Do the Right Thing, Jungle Fever, Malcolm X, Summer of Sam, La 25eme Heure… Qu’il est loin ce temps où le nom de Spike Lee voulait dire quelque-chose. En perdition totale depuis de nombreuses années, le réalisateur fait aujourd’hui un retour fracassant sur le devant de la scène avec Blackkklansman – J’ai infiltré le Ku Klux Klan, sélectionné en compétition officielle au dernier festival de Cannes et auréolé du Grand Prix. Avec ce 23eme long-métrage, le cinéaste retrouve un peu de crédibilité et renaît de ses cendres après avoir enchaînés les bides (Miracle à Santa Anna, le remake d’Old Boy) ou les honteuses séries Z (Da Sweet Blood of Jesus). Basé sur une histoire vraie, Blackkklansman revient sur les exploits de Ron Stallworth, premier flic noir de la police de Colorado Springs, qui a réussi à infiltrer… le Ku Klux Klan ! Une aventure loufoque mais véridique à travers laquelle Lee va tenter de s’exprimer une fois de plus sur le racisme anti-noir qui gangrène une société américaine qu’il ne comprend désormais plus, à l’image des événements tragiques de Charlottesville en 2017 (un affrontement meurtrier sur fond de manifestation d’extrême-droite non condamnée par le dirigeant Trump), dont les douloureuses images concluent le film.
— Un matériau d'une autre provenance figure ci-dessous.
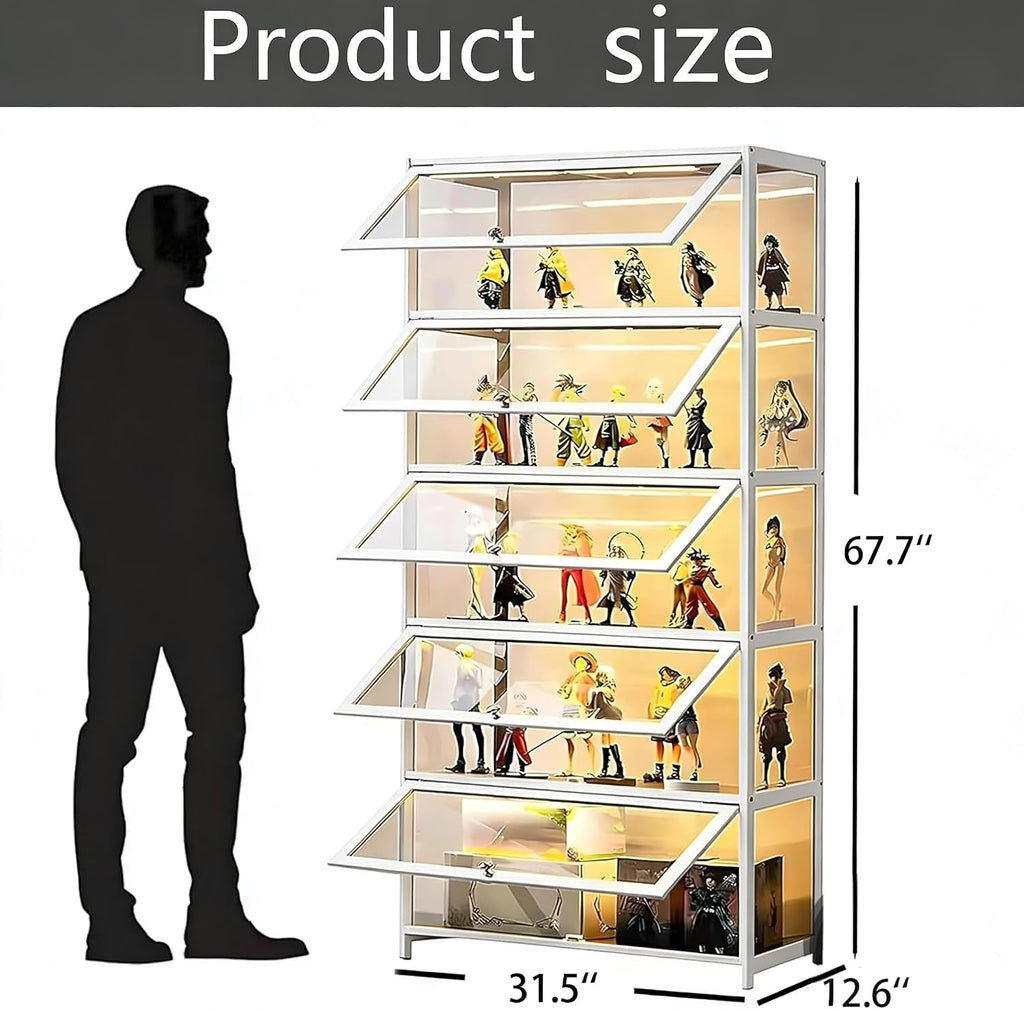 Display Cabinet with Acrylic Glass Door, 5 Tier Curio Display Case, Collectibles Toy Organizers Rack & Display Shelf, Kids Bookcase for Bedroom, Reading Nook, Toddler's Room, Bamboo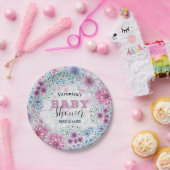 Bezaubernde Bohemische Blume Kinderdusche Pappteller (Party)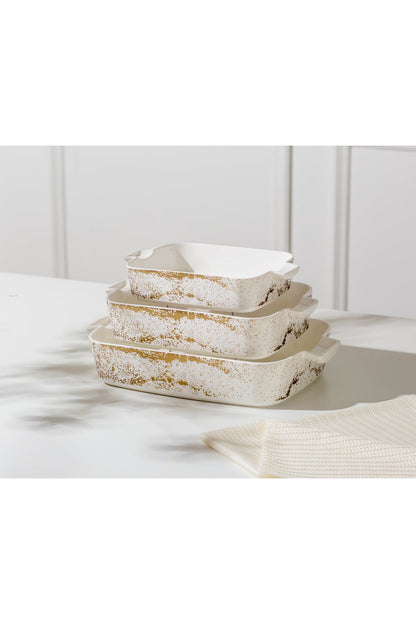 Set 3 tăvi cuptor Sprinkles – porțelan alb cu stropi aurii, rezistente la cuptor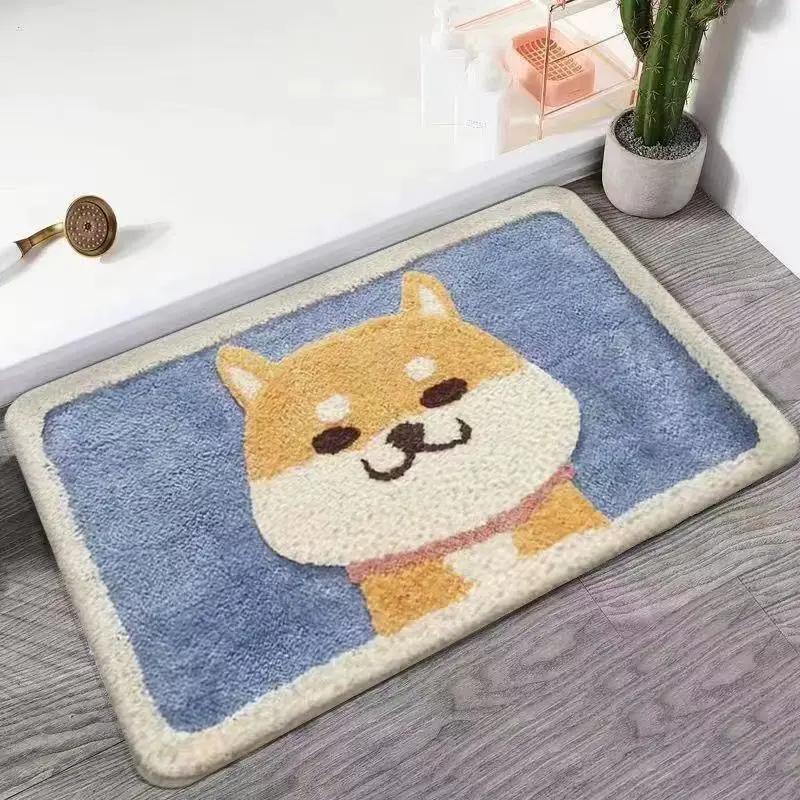 VIKAMA Cartoon Cashmere Floor Mat Soft Non-Slip Bathroom Absorbent Floor Mat Family Toilet Entrance Door Mat Bedroom Carpet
Outre un retour sous le feu des projecteurs médiatiques, Blackkklansman est aussi le retour de Spike Lee à un cinéma un peu plus ambitieux que ses derniers méfaits. L’occasion surtout de poursuivre son combat contre le racisme anti-noir aux Etats-Unis, son cheval de bataille depuis toujours. Et avouons que Blackkklansman est sans aucun doute possible, son meilleur film depuis très longtemps (Inside Man, c’était il y a douze ans). L’ennui, c’est que Lee partait de tellement bas que même si ce nouveau long-métrage passe pour une formidable résurrection, il n’en est pas pour autant un grand film à la hauteur de son prix cannois et de son sujet. Entre le biopic engagé, le thriller marqué du sceau des 70’s rappelant parfois Les Hommes du Président, et le Buddy Movie comique façon L’arme Fatale avec un truculent duo black-blanc, Blackkklansman est un mélange d’humour, de leçon d’histoire, d’enquête et de politique dont la mayonnaise prend plutôt bien, du moins le temps d’une introduction au vitriol laissant augurer le meilleur malgré une entame sur des images d’Autant en emporte le vent où l’on craignait déjà une nouvelle diatribe beuglant n’importe quoi de manière aveuglée.

Mais alors que son film prend la mesure de son histoire et de son style, Spike Lee va commencer à dévier de ses bonnes notes et à tomber dans la caricature grotesque, usant trop de la farce au détriment de la force. Comme souvent chez lui, et c’est un défaut qui a considérablement abîmé son cinéma ces dernières années, le cinéaste va forcer le trait, faire fi de la nuance, réduire ses personnages à des postures clichesques incapables de dépasser le statut fonctionnel qu’ils occupent dans l’histoire. L’incapacité de tout attachement envers eux se mêle à l’agacement de voir un film trop simpliste et schématique quand on gratte le vernis, là où il y avait matière à tellement mieux pour critiquer l’Amérique de Trump en utilisant le passé pour mieux dénoncer le présent. Plus embêtant, Blackkklansman finit par ressembler à une sorte de parodie à la manière d’un long sketch télévisuel, style ceux du SNL. C’est sympa (et tordant) cinq minutes mais le sujet ne méritait-il pas un meilleur traitement que ce regard burlesque diminuant sa portée militante, laquelle est de surcroît étouffée par cette manière qu’a Spike Lee d’en faire des tonnes jusqu’à ce que l’outrance ne gâche son propos ? Mais ne voyons pas tout en noir (sans aucun mauvais jeu de mots) car restent quelques bons moments piquants ou émouvants, comme un discours mémorable d’intensité déclamé par l’immense Harry Belafonte, et de solides comédiens (la révélation John David Washington -qui avait de la figuration enfant dans le Malcolm X de Lee- et Adam Driver brillent). Mais c’est trop peu eu égard aux possibilités du film si le militant Spike Lee savait canaliser ses intentions. Cela dit, son côté “tonton zinzin” hurlant tout et n’importe quoi semble se calmer et fort d’un recul retrouvé sur son cinéma, Spike Lee paraît sur la bonne voie pour retrouver une raison artistique perdue qui se redessine doucement même si elle est semble encore fragile.